One of the couple may have been through a previous separation or the loss of a spouse. They may have children – dependent or adult. They may also have trust or company structures that make their overall asset profile less straightforward from a relationship property perspective than younger couples who are just getting started with their lives together.

In these cases, a COA can give both parties (and their families) clarity about what will happen to their assets if one of them dies, or if they decide to separate.

A COA is a way of opting out of the default rules as to how the division of property is dealt with under the Property (Relationships) Act 1976 (PRA). Without a COA, the default approach would apply; this generally means that relationship property assets are divided 50:50. An equal split, however, is not always appropriate. In complex cases, parties can end up in protracted court cases trying to figure out how the PRA applies to their particular situation.
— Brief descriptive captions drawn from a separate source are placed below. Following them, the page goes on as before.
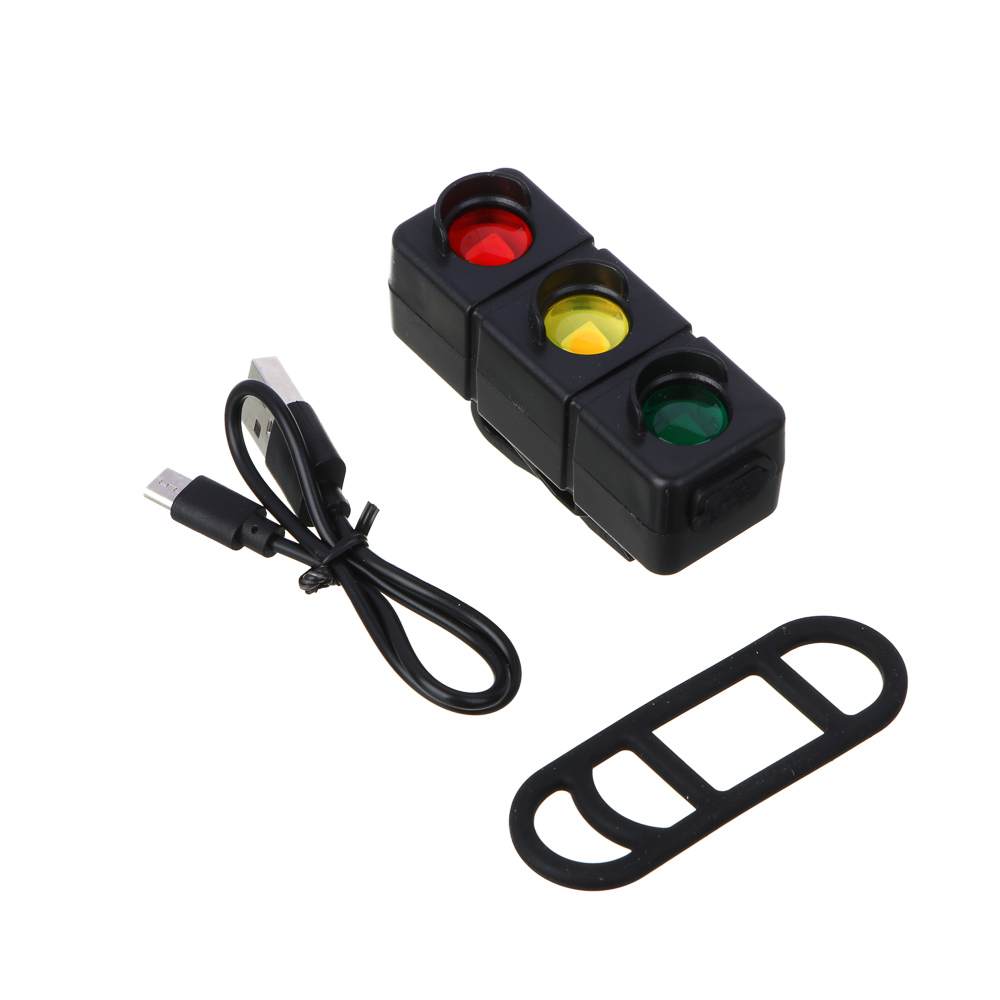 SILAPRO Фонарь задний 6.5х2.5см, 3LED, 7 реж., ABS, USB, арт.№ 195-008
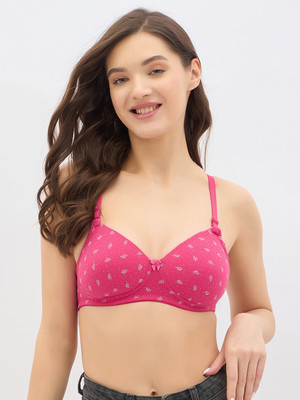 Clovia Women T-Shirt Lightly Padded Bra(Pink)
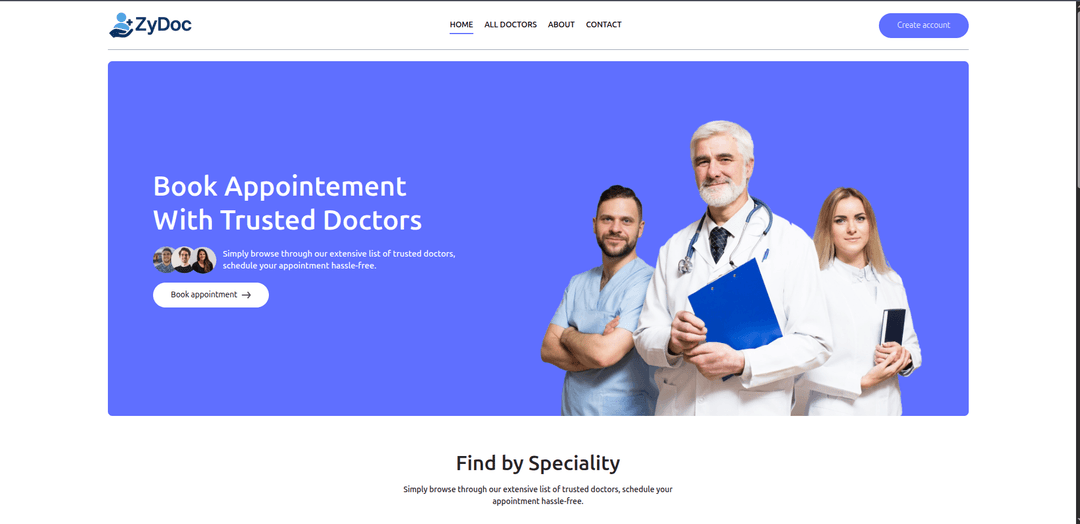 Zydoc: Online Doctor Appointment Booking App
While the default rules are a helpful fallback position where people cannot agree how property will be divided, the PRA does not necessarily reflect what all couples would regard as ‘fairness.’ The legislation also does not take account of fact-specific or unusual cases. COAs allow couples to set in place clear and bespoke rules that apply to their particular circumstances, and their specific assets, in the event their relationship or marriage breaks down.

 

 

Opens up discussion

One of the benefits of considering a COA is that it opens up the discussion between a couple as to what they would like to happen to their property, or what they might consider fair, in the event that one of them dies or they separate. Often we find that couples have never had this conversation, but have made assumptions about what will happen or what their partner thinks should happen.

In particular, these assumptions can be harshly tested and shown to be wrong when a partner dies unexpectedly. The surviving partner may find that they have radically different expectations about what will happen compared with the deceased partner’s children and any other parties involved in such an estate.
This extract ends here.